Can a C implementation use length-prefixed-strings "under the hood"?

Question

After reading this question: What are the problems of a zero-terminated string that length-prefixed strings overcome? I started to wonder, what exactly is stopping a C implementation from allocating a few extra bytes for any char or wchar_t array allocated on the stack or heap and using them as a "string prefix" to store the number N of its elements?

Then, if the N-th character is '\0', N - 1 would signify the string length.

I believe this could mightily boost performance of functions such as strlen or strcat.

This could potentially turn to extra memory consumption if a program uses non-0-terminated char arrays extensively, but that could be remedied by a compiler flag turning on or off the regular "count-until-you-reach-'\0'" routine for the compiled code.

What are possible obstacles for such an implementation? Does the C Standard allow for this? What problems can this technique cause that I haven't accounted for?

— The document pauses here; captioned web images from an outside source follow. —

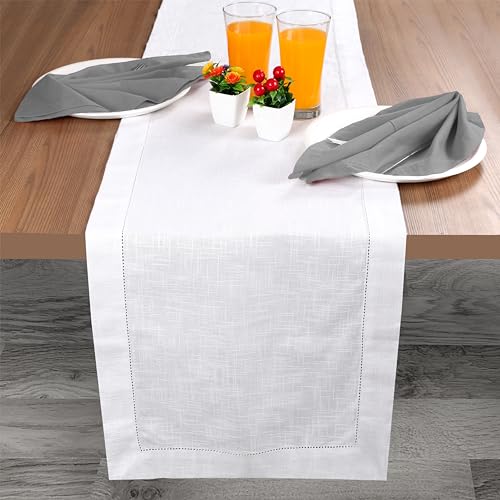 Light & Pro White Cotton Table Runner 16x90 Inches Hemstitched for Dining & Events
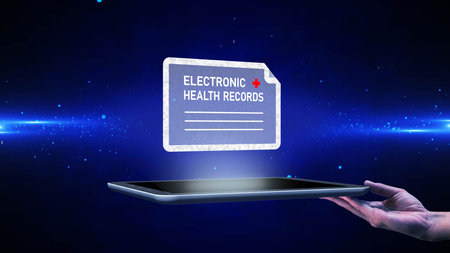 Electronic Health Records EHR - Digital solutions for Electronic Health Records. Futuristic representation - hand with tablet presents a holographic display of EHR technologyの写真素材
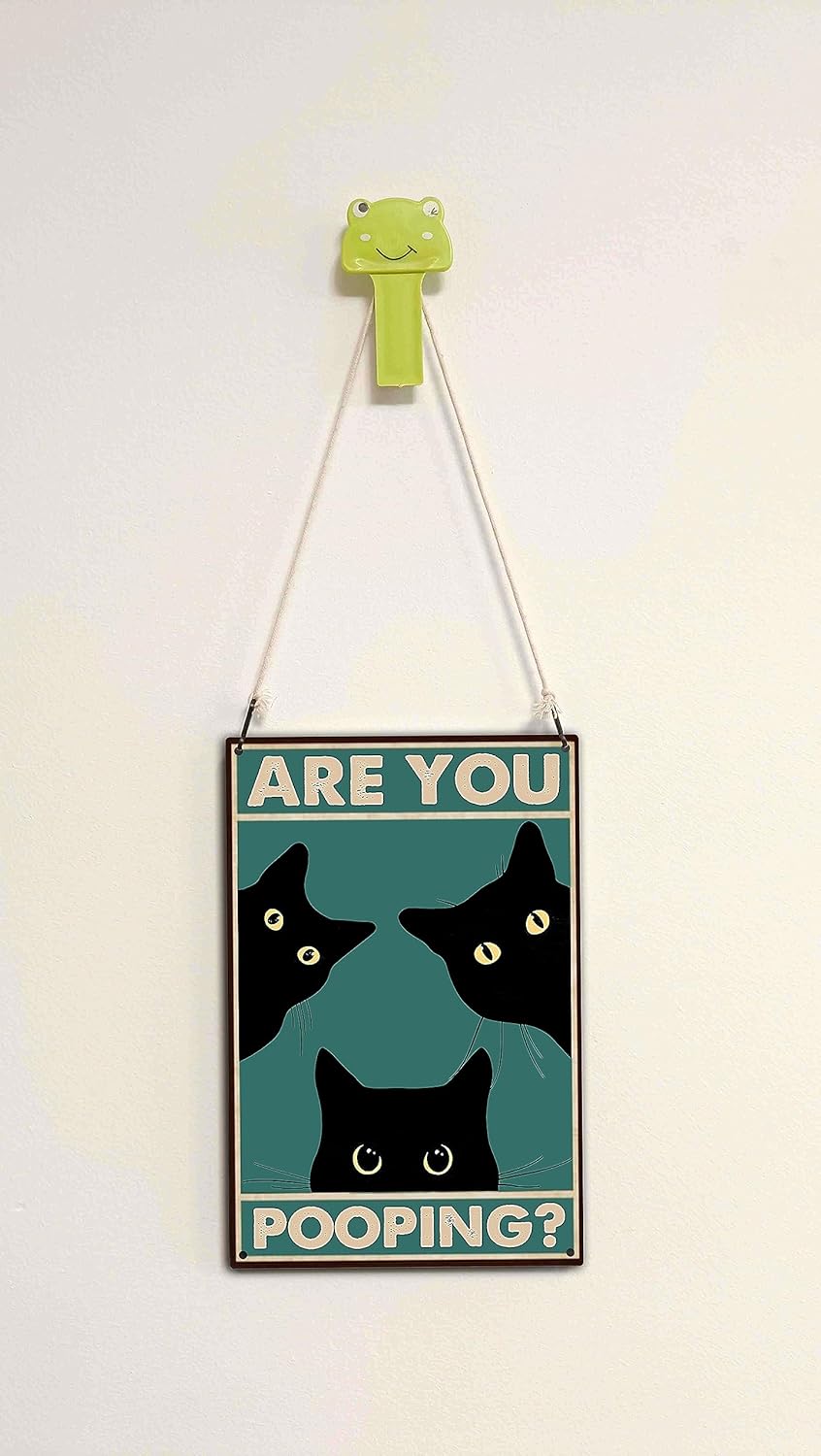 Black Cat Are You Funny Tin Signs Bathroom Wall Decor 8 x 12 Inch Home Decoration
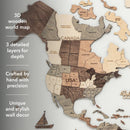3D Wooden World Map Smokey by Enjoy The Wood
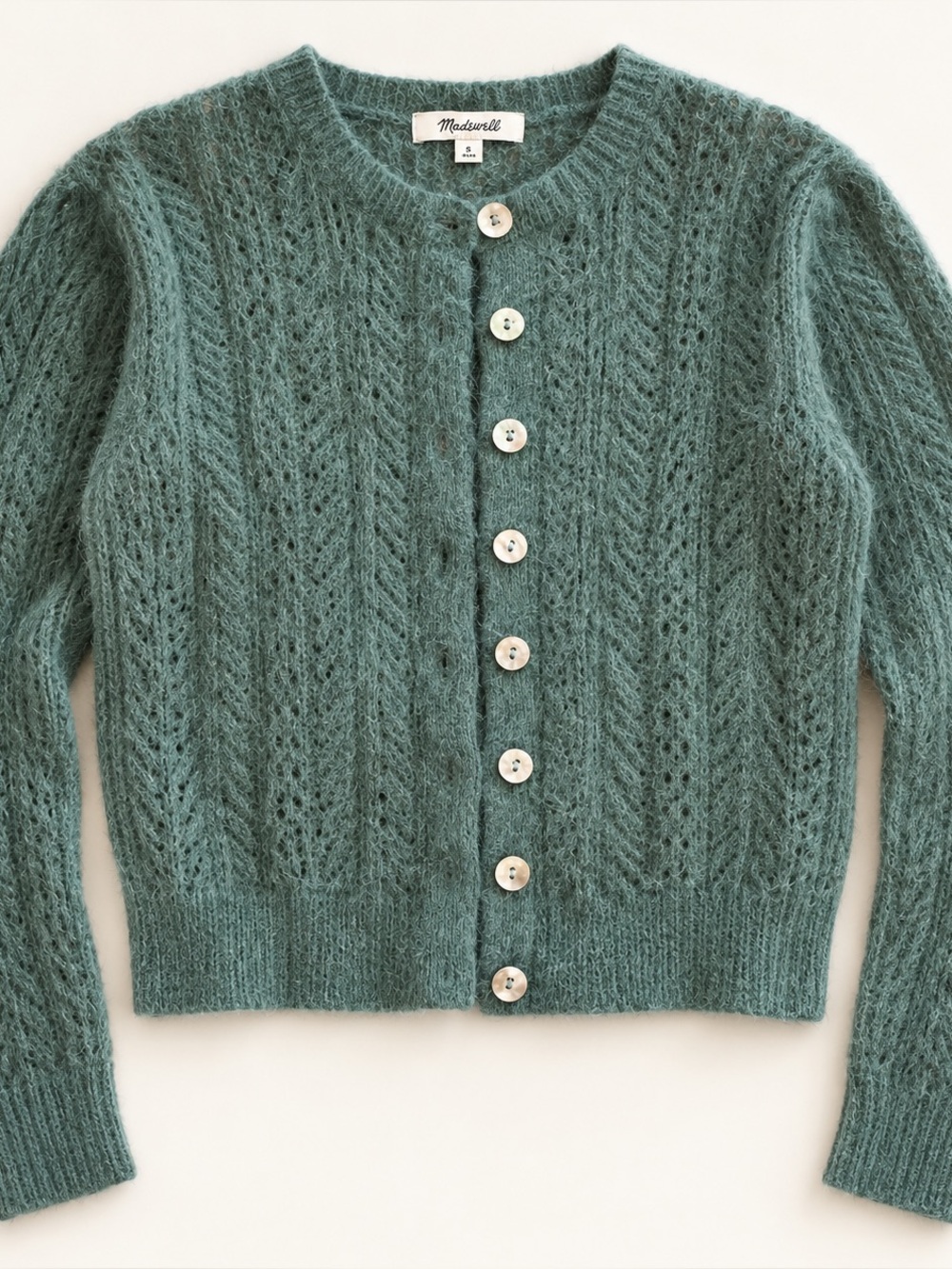Madewell Green Alpaca Blend Pointelle Cardigan Sweater Size Small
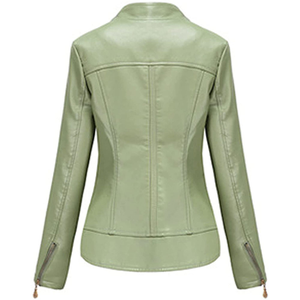 Veste de motard en similicuir vert clair pour femme, livraison payée, coupe ajustée, toucher doux, vêtements de moto, design personnalisé, prix bas - Product Image 2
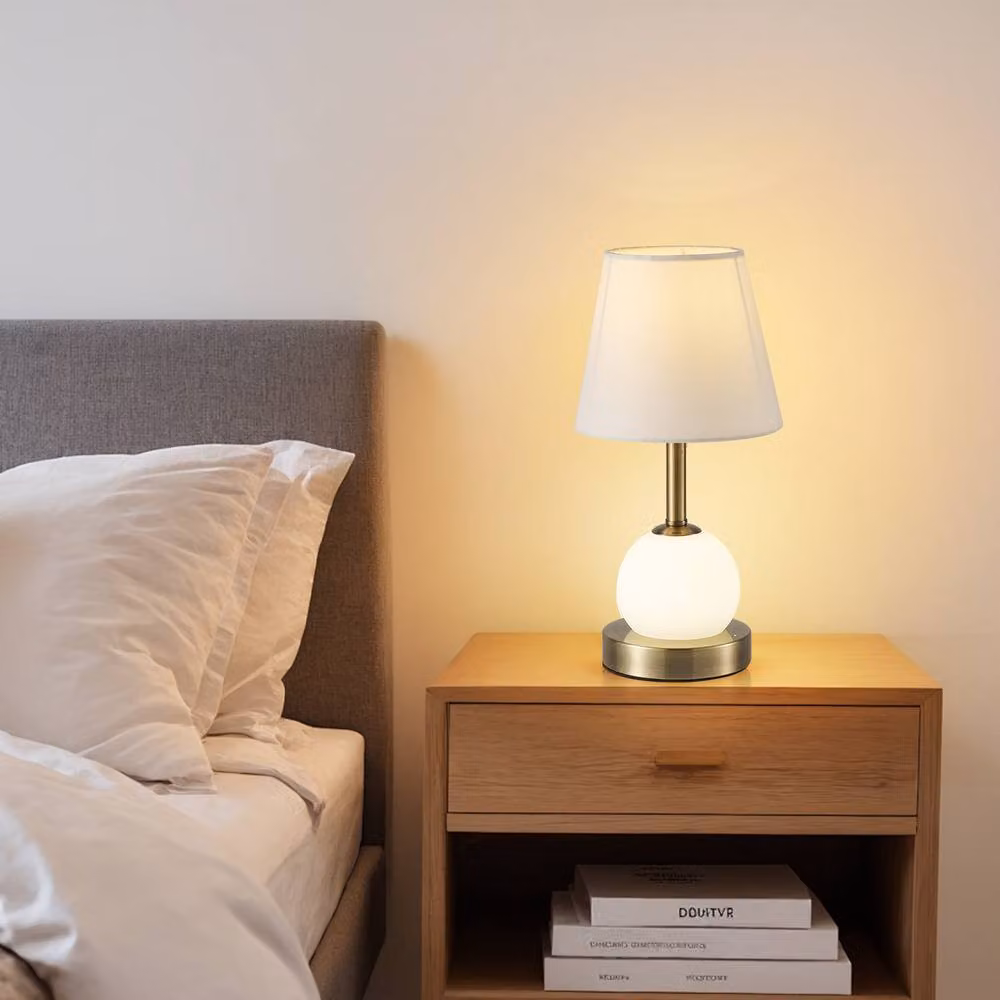 NIVOR Modern LED Table Lamp in White and Gold with Bulb Included, Height: 32 cm – 3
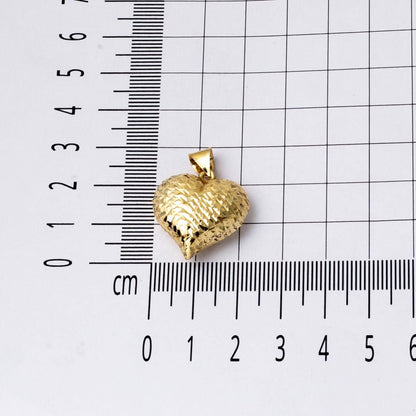 14K Gold Hand Engraved Heart Necklace
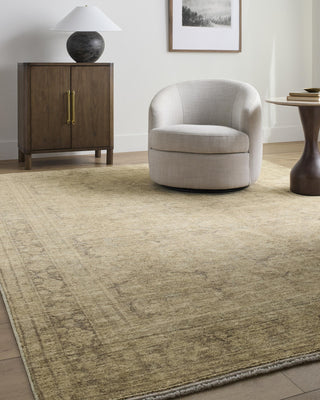 Galey Alix x Livabliss GAHU-2304 Area Rug,Dusty Sage,Ivory,Brown, Tan,6'7"x9'6"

And... has this actually ever been done?

There are no strings in C. Just arrays of chars. That pretty much stops you from doing that kind of optimization. — RedX, May 26 '15 at 15:53
@EvdzhanMustafa so where does that leave the "end of string marker"? — harold, May 26 '15 at 15:53
If you decide this implementation is better than standard one for your application - just implement it. No obstacles here. — Eugene Sh., May 26 '15 at 15:54
@RedX: there are. That's what `'\0'`-terminated `char` arrays are called. They even have about 5 SO tags dedicated to them =) — , May 26 '15 at 15:54
`struct StringWithExtraData { size_t curlen; size_t totalbytes; char *data };` — pmg, May 26 '15 at 15:57
The Most Expensive One-byte Mistake http://queue.acm.org/detail.cfm?id=2010365 — Alvein, May 26 '15 at 15:58
I personally believe the problem is that people today still stick with C, instead of moving to C++ or any other suitable higher level language. Why would you like to implement something similar to std::string in C, when there is already std::string in C++? — Flovdis, May 26 '15 at 16:22
@Mints97 A char array terminated by `\0` is just a convention. If you want to use `str*` functions your char array must follow that convention. But nobody is stopping you from creating your own set of functions that follows a different paradigm. — RedX, May 26 '15 at 16:31

score 5 · Accepted Answer · answered May 26 '15 at 15:54

You can store the length of the allocation. And malloc implementations really do do that (or some do, at least).

You can't reasonably store the length of whatever string is stored in the allocation, though, because the user can change the contents to their whim; it would be unreasonable to keep the length up to date. Furthermore, users might start strings somewhere in the middle of the character array, or might not even be using the array to hold a string!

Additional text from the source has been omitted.